In the best match macroblock searching, an accurate prediction of the starting point is a key of quick identifying the best mach block. Many prediction algorithms have been developed in the past decade. Most of them apply one algorithm to all blocks and even to all frames in a video sequence.

FIG. 4A illustrates prior art starting point prediction mode which uses motion vectors of the four surrounding macroblocks, in top row 411, 412, 413 and the left row 414 to predict the starting point of the best match block searching. The starting point follows the majority or the average of the four surrounding macroblocks' motion vectors.

According to one of the embodiment of the present invention, an adaptive means of starting point prediction is applied for more quickly identifying the best match block. FIG. 4B shows one of the prediction approaches in present invention. It is obvious that a group of blocks (GOB), 421, 422 have high possibility of having the same motion vectors and the starting point of the motion estimation of a target macroblock 423 is also the same position of MV of the GOB.

FIG. 4C demonstrates another means of the starting point prediction in the present invention. The starting point follows the majority of the four surrounding macroblocks, 431, 432, 433, 434 and the MV of the corresponding position 49 in previous frame. If no two identical MVs within the four surrounding macroblocks, then the starting point of X-axis and Y-axis will be predicted separately. Under this condition, the starting point of X-axis will be the majority or the average of the upper macroblocks in upper two rows 46, 432 and the corresponding position 49 of previous frame. While the starting point of Y-axis will be the majority or the average of the upper macroblocks in left two macroblocks 47, 434 and the corresponding position 49 of previous frame.

FIG. 4C also demonstrates another starting point prediction which is an average of motion vectors of the corresponding position of the previous frame, top block and left block of the current frame. Statistically, the movement of a block of the corresponding block within a previous frame has almost equal probability of motion vector compared to the left block or top block of the current frame since temporal and spatial movement is considered the same probability.

FIG. 4D shows another starting point prediction which is an interpolated point of the corresponding position of the previous two frames. This kind of prediction assumes that the temporal movement dominates the change of the block pixels movement and the momentum of the temporal movement has high possibility of continuity. So, the starting point of a target macroblock 443 of present frame follows the interpolated position of the MV of the corresponding macroblocks 441, 442 of the closest previous two frames.

After identifying the starting point, the motion estimation goes through a thorough searching for the best match macroblock. This procedure is named “full search”. For saving times of calculation, according to an embodiment of the present invention, a threshold value is predetermined for each macroblock to early stop the calculation of the best match macroblock searching when the SAD of a certain position is below the threshold value. The threshold value of this present invention is determined by selecting the smallest SAD values of the four surrounding blocks. This kind of mechanism ensures the reduction of a certain amount of calculation times.

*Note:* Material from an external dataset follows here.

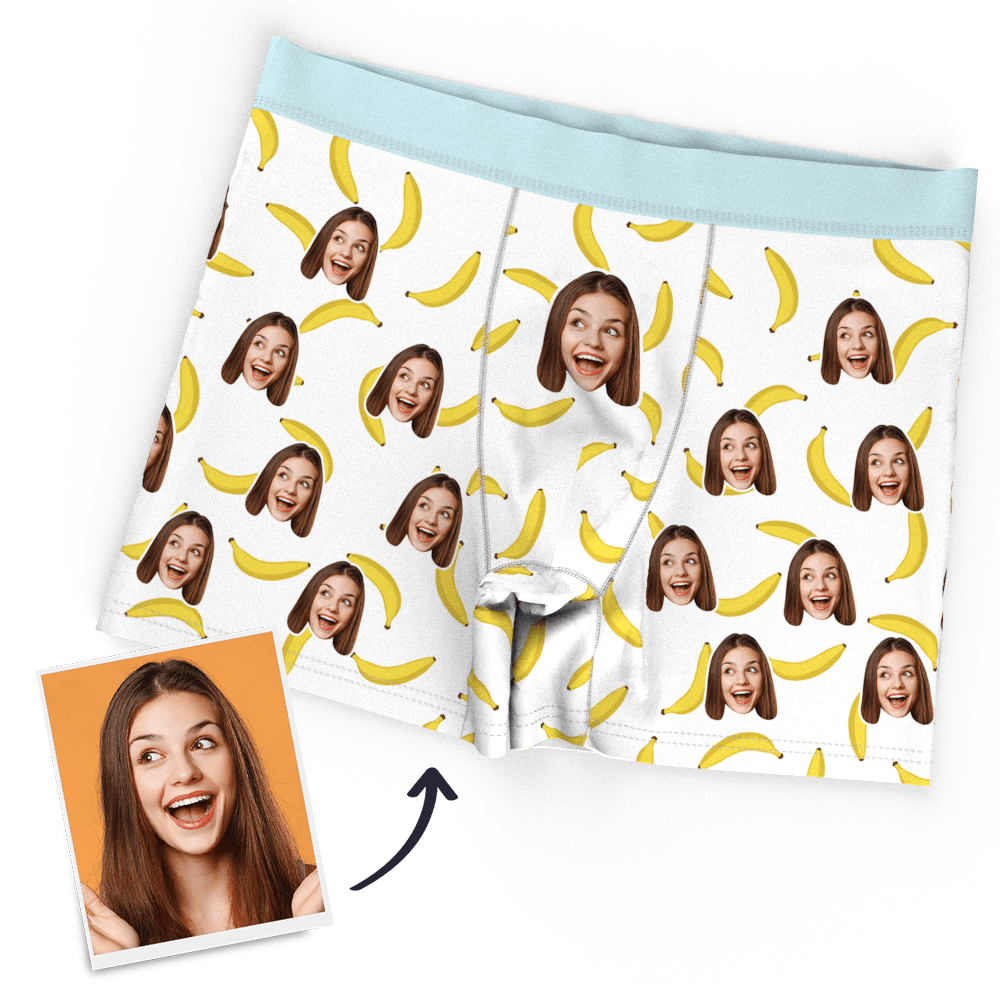 Couple Underwear Custom Men's Face On Banana Boxer Shorts - MyFaceBoxer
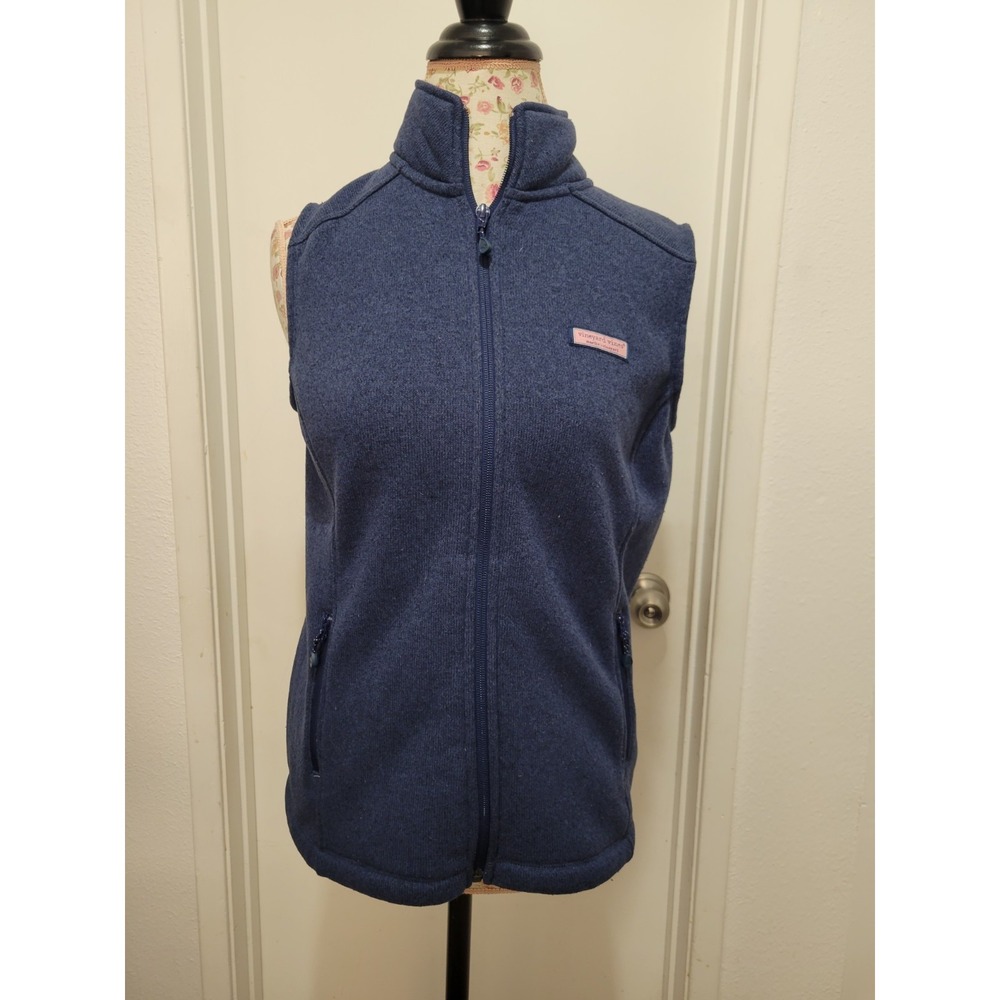 Vineyard Vines Women Blue Martha Vineyard Fleece Vest Whale Logo Small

In most prior arts of the motion estimation, no matter what searching algorithm, the best match block searching range is fixed once the frame size or said the resolution is decided. For instance, said +16 pixels (right/top direction), −15 pixels (left/bottom direction) in X-axis and Y-axis directions in CIF(352×288 pixels) resolution, or said +32 pixels right (right/top direction), −31 pixels (left/bottome direction), in X-axis and Y-axis directions in D1(720×480 pixels) resolution. Once the searching range is defined, all blocks within all frames in a video sequence adopt the same searching range and move all pixels within the searching range from a larger storage device, said a frame buffer into an on-chip pixel buffer which is use to temporarily store pixels of searching range for each macroblock best match searching. This kind of pixels' moving and storage with fixed searching range cost a lot of times of moving pixels and very often become critical in timing since moving data from off-chip costs much longer time due to the factor that the system board has much higher capacitive loading than an on-chip data path loading. Sometimes, the whole encoder stops operating caused by the factor of running out of pixels data in the searching range buffer during motion estimation because of slow searching range pixels moving. This degrades the encoding efficiency and causes bad image quality.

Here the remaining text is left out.